Once beyond the edge of the oasis there was no trace of life stirring on the broad track which skirts the grey gravel waste at the foot of the sombre hill range, though thousands had passed here so recently. It remained the

5      same when we turned into that strangely impressive
desert valley and approached the point where the sombre conglomerate cliffs begin to be honeycombed with the gaping mouths of cave-temples big and small (Fig. 158).
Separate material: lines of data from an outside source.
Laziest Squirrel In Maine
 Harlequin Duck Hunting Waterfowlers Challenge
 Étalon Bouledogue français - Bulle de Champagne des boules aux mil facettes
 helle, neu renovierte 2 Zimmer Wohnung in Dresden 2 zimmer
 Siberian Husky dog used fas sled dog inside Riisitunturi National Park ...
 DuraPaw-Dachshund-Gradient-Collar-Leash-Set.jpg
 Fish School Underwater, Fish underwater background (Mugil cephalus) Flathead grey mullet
Long ages ago the little stream had carved out the valley, when there was still moisture to clothe these forbiddingly barren hills ; but now it was dying away just here by evaporation on the thirsty rubble-filled bed. There was indeed gratifying shade beyond, where the narrow fringe of irrigated ground masked with its elms and poplars the approach to the main temple caves (Fig. 186). But otherwise the scene was not changed since my first visit in March, and I soon felt assured that the sacred site had once more resumed its air of utter desolation and silence.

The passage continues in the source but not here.